This Tech Tip uses the workspace that resulted from building and testing the Ne10 library in the Tech Tips "Zynq Ne10 Library Tech Tip" and "Zynq Ne10 Testing Tech Tip". If that workspace is available, skip to the instructions below to start SDK.

If the workspace is not available, or if there is a question if it was completed properly, the referenced file "Ne10TestBuild.zip" can be used to create a known working starting point for this Tech Tip.

Download the Zip file from the Ne10TestBuild.zip link.

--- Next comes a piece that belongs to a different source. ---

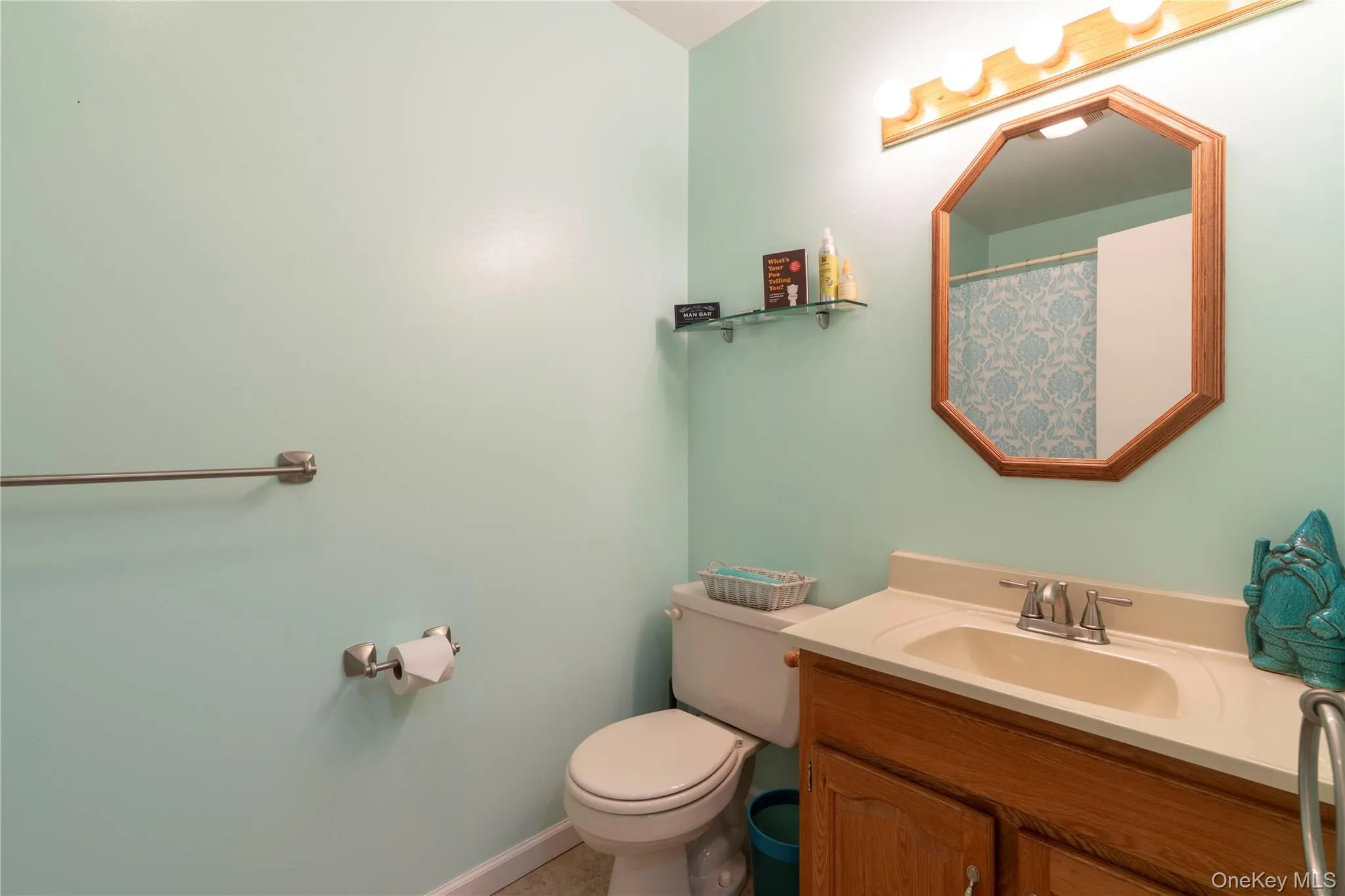 Main Bath upstairs Main Bath upstairs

Create an empty directory where you will be implementing this Tech Tip. To be consistent with the balance of these step by step instructions, the directory could be:

G:\ZC702fft\zc702-zvik-base-trd-ref0286\sw

However, these steps to import a known workspace will work with any new folder of the user's choosing.

CAUTION:
Many users have unusual problems with SDK when using different directory structures and names. If you encounter any odd behaviors with SDK, it is advised to use the suggested directory structure and names.

Start SDK

Start -> All Programs -> Xilinx Design Tools -> Vivado 2013.4 -> SDK -> Xilinx SDK 2013.4

In the Workspace Launcher, browse to and select ZC702fft\zc702-zvik-base-trd-rdf0286\sw or the empty directory that you have created.



Click OK to continue.

If you are presented with a welcome tab, close it by clicking on the X on the tab.



SDK will start with a blank Project Explorer pane

Select File -> Import or right click on the white space in the Project Explorer pane and select Import.

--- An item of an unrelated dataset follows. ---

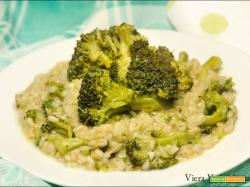 Risotto integrale cremoso con broccoli senza glutine
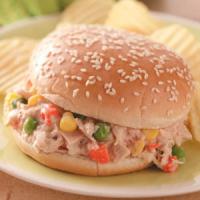 Mixed Veggie Tuna Salad Sandwich_image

The Import dialogue box will appear. Expand the General line and select Existing Projects into Workspace



Click Next

Click the Select archive file button. Then click Browse to navigate to the saved workspace file that you want to import and click Open. In our case this is Ne10TestBuild.zip.



Click Finish

SDK will build the workspace automatically. Because SDK is already started and the workspace is in place, you can skip the following instructions to start SDK and go directly to after SDK is running with the workspace in place.

Old Workspace in Place

If you have not already started SDK, do so by:

Start -> All Programs -> Xilinx Design Tools -> Vivado 2013.4 -> SDK -> Xilinx SDK 2013.4

In the Workspace Launcher, browse to and select the existing workspace as ZC702fft\zc702-zvik-base-trd-rdf0286\sw



Click OK to continue

When presented with the Welcome screen, click the X in the Welcome tab to close that screen



The workspace should appear as:



The FFT application is a new project within SDK so we need to create it.

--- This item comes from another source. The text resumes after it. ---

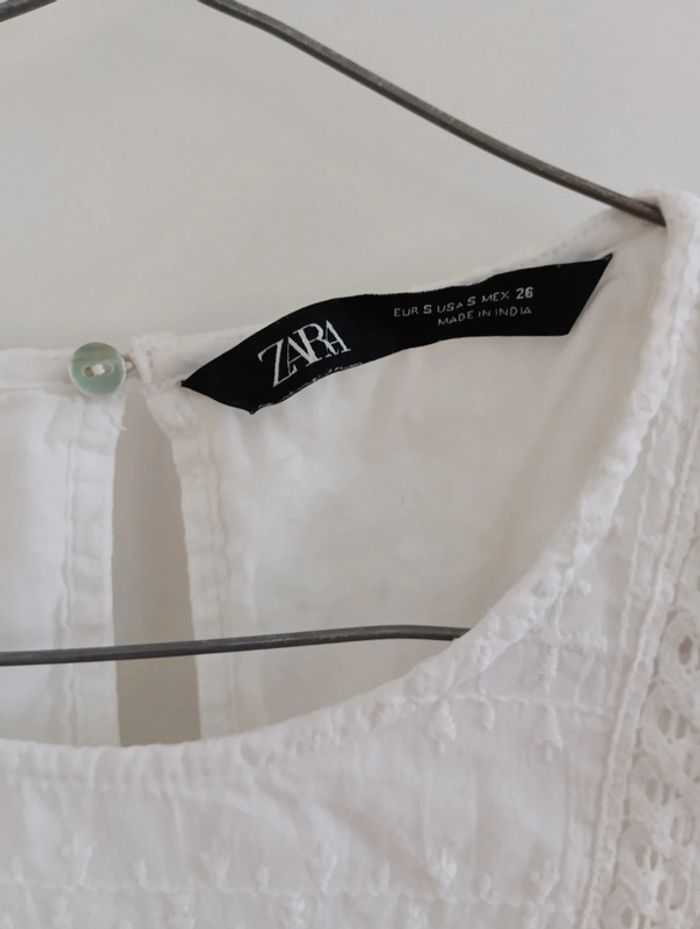 Robe tunique blanche Zara dentelle et broderie anglaise taille s - photo numéro 3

Select File -> New -> Project

TIP:
A new C project can also be created by right clicking in the white space of the Project Explorer pane and then selecting New -> C Project.

When the New Project dialogue box appears, expand the C/C++ line and select C Project



Click Next

The Project creation dialogue box opens. In the Project Name: box type fft-zynq to match the name of the source file.

Make sure the check box on the default location is checked.

In the Project type: box, select the "Xilinx ARM Linux Executable" type by clicking on it.



Click Finish.

We now see the new project in the Project Explorer.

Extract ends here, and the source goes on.